We left Portugal under the provisional command of General Junot, described by Napoleon himself as one whose vanity was only equalled by his rapacity, and who conducted himself like a tyrant over the unresisting natives, from whom he levied the most intolerable exactions.

There is no access to know in what manner Napoleon intended to dispose of this ancient kingdom. The partition treaty executed at Fontainbleau, which had been made the pretext of occupying Portugal, had never been in reality designed to regulate its destinies, and was neglected on all sides, as much as if it never had existed. Buonaparte subsequently seems to have entertained some ideas of new-modelling the kingdom, which caused him to summon together at Bayonne a Diet, or Assembly of Portuguese Notables, in order to give an ostensible authority to the change which he was about to introduce.

They met him there, according to the summons; and, although their proceedings had no material consequences, yet, as narrated by the Abbé de Pradt, who was present on the occasion, they form too curious an illustration of Buonaparte's mind and manner to be omitted in this place. Having heard with indifference an address pronounced by the Count de Lima, an ancient Portuguese noble, who was President of the deputation, Napoleon opened the business in this light and desultory way: – "I hardly know what to make of you, gentlemen – it must depend on the events in Spain. And then, are you of consequence sufficient to constitute a separate people? – have you enough of size to do so? Your Prince has let himself be carried off to the Brazils by the English – he has committed a great piece of folly, and he will not be long in repenting of it.

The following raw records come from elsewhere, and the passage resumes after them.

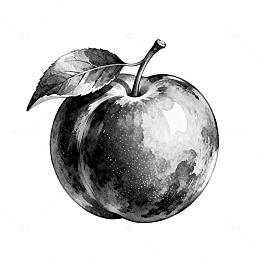 黑白苹果星空艺术插画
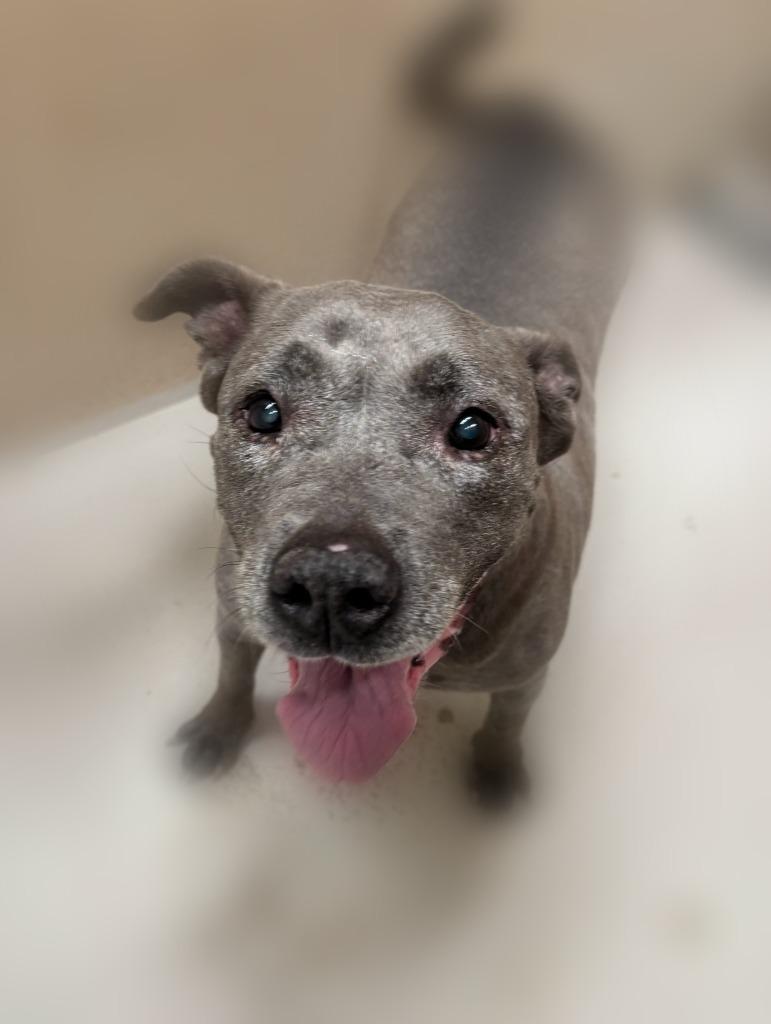 Enlarge Asteria, a Adoptable Hound in Findlay, OH image 3/6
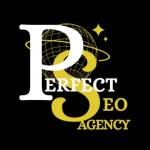 Perfect Agency Profile Picture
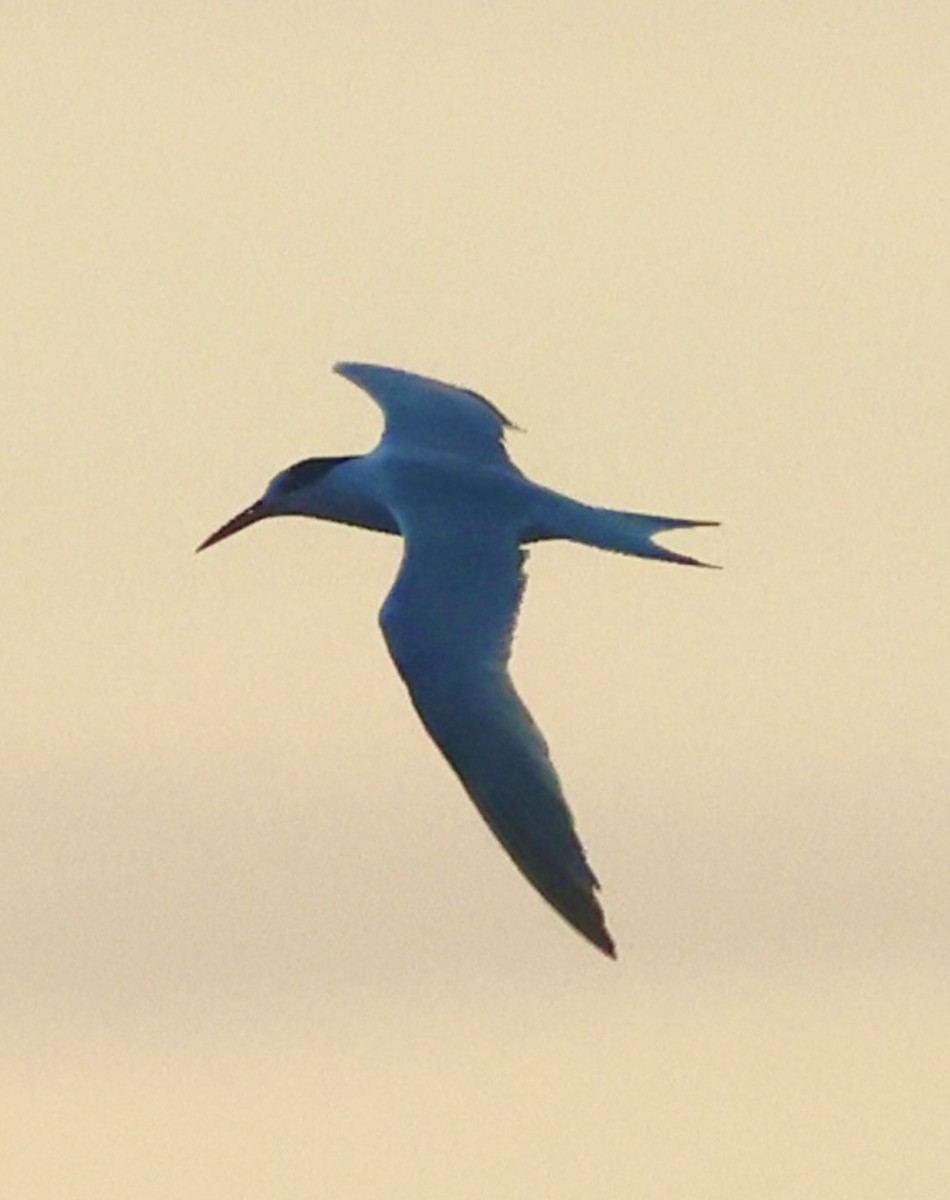Sandwich Tern - ML646375889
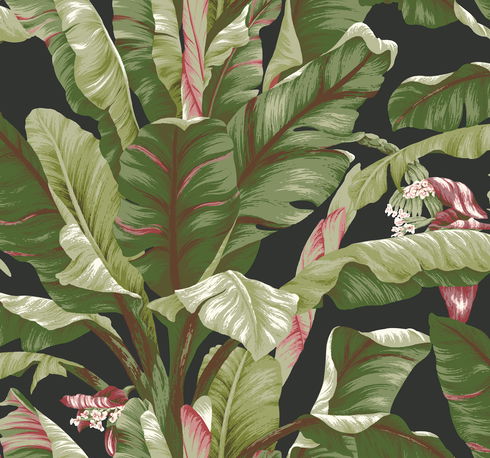 Banana Leaf Black & Red Wallpaper
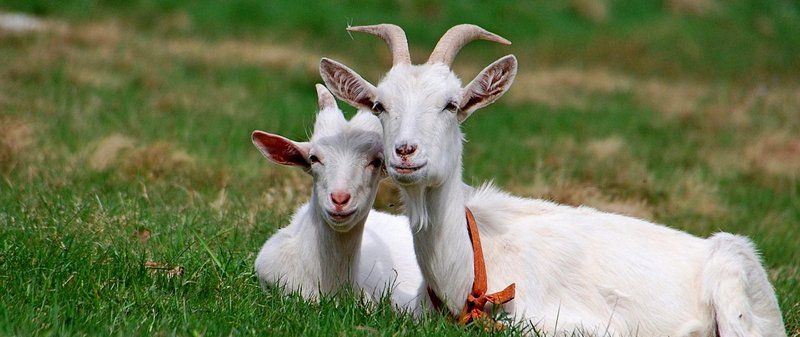 Все о козах в Чите | ЗооТом портал о животных
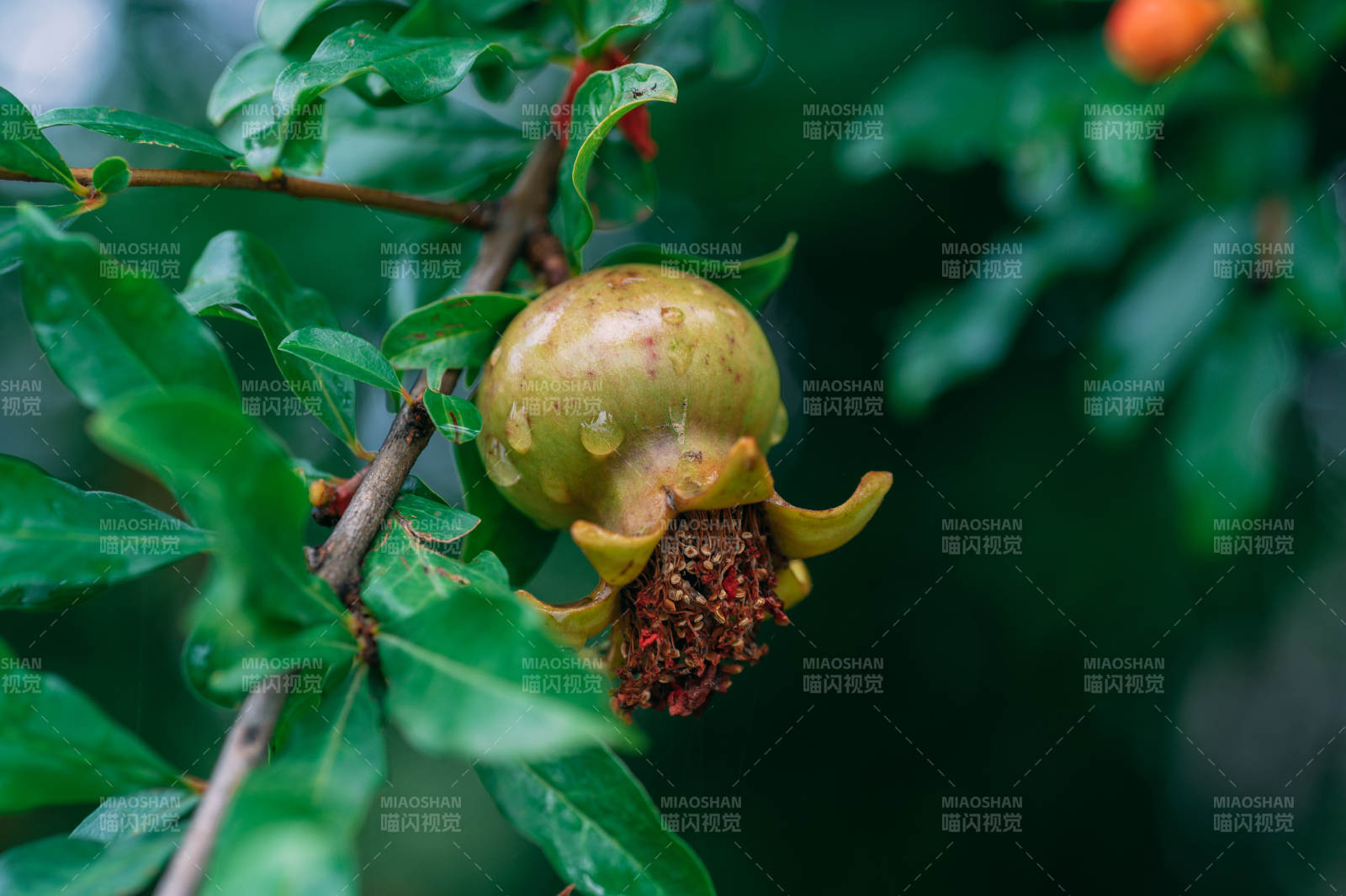石榴果实挂在枝头图片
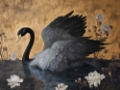Picture of DARK SWANS II
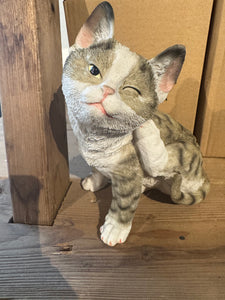 Poes bruin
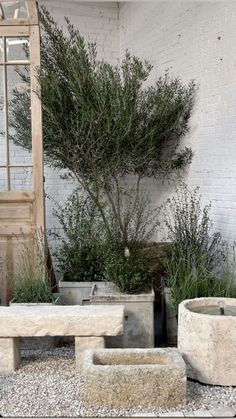 an outdoor area with cement planters and potted plants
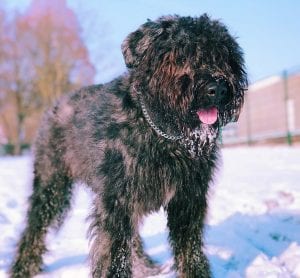 bouvier des flandres teddy bear dog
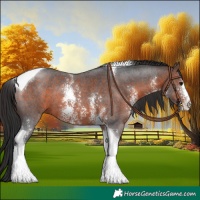 Horse Color:Brown Sabino Tobiano 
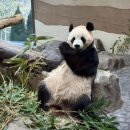 훈참치 온천점 | [용인] 에버랜드 주말 눈치게임 성공 | 걸어서 보는 워킹사파리 웨이팅 꿀팁🦘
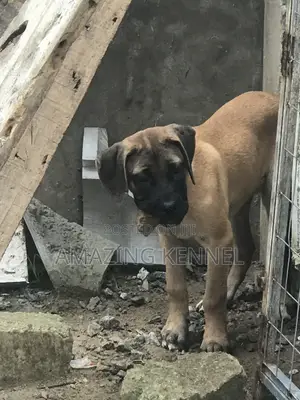 3-6 months Female Purebred Boerboel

A prince," he added, turning gaily to the Abbé de Pradt, "is like a bishop – he ought to reside within his charge." – Then again speaking to the Count de Lima, he asked what was the population of Portugal, answering, at the game time, his own question, "Two millions, is it?" – "More than three, Sire," replied the Count. – "Ah – I did not know that – And Lisbon – are there one hundred and fifty thousand inhabitants?" – "More than double that number, Sire." – "Ah – I was not aware of that."

Proceeding through several questions regarding matters in which his information did not seem more accurate, he at length approached the prime subject of the conference. "What do you wish to be, you Portuguese?" he said. "Do you desire to become Spaniards?" This question, even from Napoleon, roused the whole pride of the Portuguese; for it is well known with what ill-will and jealousy they regard the sister-country of the Peninsula, against whom they have so long preserved their independence. The Count de Lima drew up his person to its full height, laid his hand on his sword, and answered the insulting demand by a loud No, which resounded through the whole apartment. Buonaparte was not offended, but rather amused by this trait of national character. He broke up the meeting without entering farther on the business for which it was summoned together, and afterwards told those about his person, that the Count of Lima had treated him with a superb No. He even showed some personal favour to that high-spirited nobleman, but proceeded no farther in his correspondence with the Portuguese deputies. The whole scene is curious, as serving to show how familiar the transference of allegiance, and alienation of sovereignty, was become to his mind, since in the case of a kingdom like Portugal, of some importance were even its ancient renown alone regarded, he could advance to the consideration of its future state with such imperfect knowledge of its circumstances, and so much levity both of manner and of purpose. Kingdoms had become the cards, which he shuffled and dealt at his pleasure, with all the indifference of a practised gamester. The occasion he had for the services of the Portuguese assembly of Notables passed away, and the deputies of whom it had consisted were sent to Bourdeaux, where they resided in neglect and poverty until the general peace permitted them to return to Portugal.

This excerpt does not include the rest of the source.